The thing about software is that it is written by imperfect humans. That was the last thought I had a 4pm Friday after most of the team had gone home for the weekend. I usually don't script, but then a coworker was tasked to reboot a few servers remotely on a segment. A week prior we had used a system to reboot all workstations with a particular software so he asked me to take care of it.


I logged in and created the job, but before I could hit save I started hearing someone on the help desk ask if I was rebooting his machine. I had not even saved at this point, and figured it was someone pulling a prank. Just to be sure I check the deployment logs, and sure enough the previous job I had setup started rebooting all workstations even though it had not been touched and was not scheduled. Not understanding what happened I canceled the job, and got out of the system.


About 5 minutes later the workstations started to reboot again. So I called the VM System admin, and had him disconnect the network on the server causing everything to reboot.
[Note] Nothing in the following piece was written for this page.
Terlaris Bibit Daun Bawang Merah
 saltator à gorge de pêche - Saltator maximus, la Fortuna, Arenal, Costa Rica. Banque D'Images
This caused a lot of phone calls, but interestingly enough no one important knew until I called it in. Looking back a lot of updates finished installing properly after this mass reboot.


The following Monday I called up the software company and they identified a bug, that by simply visiting a page would kick off past software deployment packages. It took them about a month to fix it. This is why I looked into Solarwind's Patch Manager.


No Servers were harmed or rebooted in this incident.